Staking flowering plants

A few minutes a week spent propping up plants will yield a floriferous payback

Container support
As planters get larger, container plantings demand bigger and bolder specimens, and many of these garden Goliaths require support to look their best. Stakes used in containers should be an all-or-nothing proposition: either virtually invisible or a prominent part of the overall design. Consider it your chance to throw caution to the wind and purchase that Betty Boop-adorned metal stake you’ve always coveted.

Unless your pot is very deep (about 45 centimetres or more) or heavy enough to make it stable, avoid using stakes that are too hefty or top-heavy for the lightweight, peat-based soil mixes to support, or they’ll topple over.

staking-flowersb-227.jpgSize them up
There are almost as many kinds of garden stakes as there are flowers, and it’s a good idea to have several different styles at your fingertips.
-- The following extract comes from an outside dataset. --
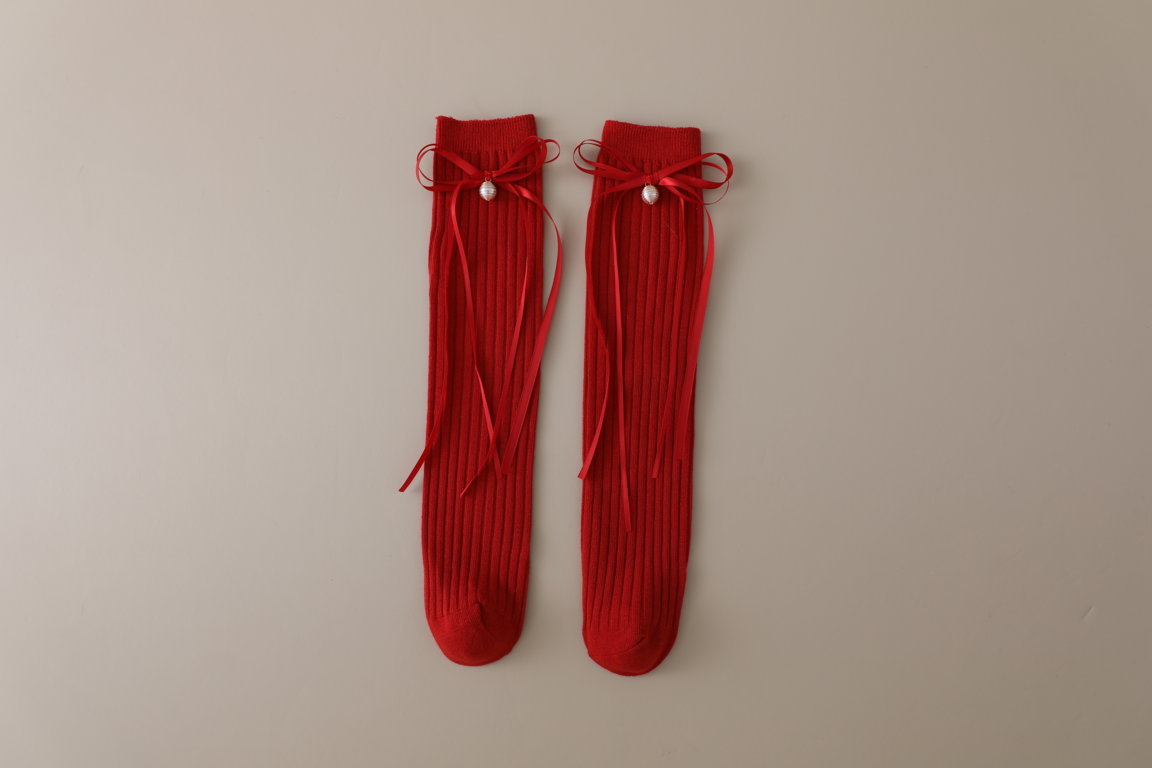 RIBBONED KNOT DETAILED PEARL APPLIQUE KNEE LENGTH SOCKS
Robust coneflowers (Rudbeckia spp.) may require tall, sturdy 1x1 wooden stakes, while more delicate bellflowers are content with pencil-thin bamboo. For a more natural look, gather up any straight, twiggy branches after pruning trees and shrubs to use as “pea-stick” stakes (so called because the Victorians favoured them for supporting pea vines). In early summer, these and other twiggy supports can be inserted around the crowns of mid-sized perennials such as floppy hardy geraniums, non-climbing clematis, meadow rue and sweet peas. As plants mature, the supports will disappear under the plants’ foliage and blooms.

The advantage of using wooden stakes over manufactured wire ones is that they effortlessly blend into the surroundings (particularly when stained green), and once they’re no longer needed, they can be composted, including those that have been stained (a non-toxic vegetable dye is generally used to make these safe for use with edible plants).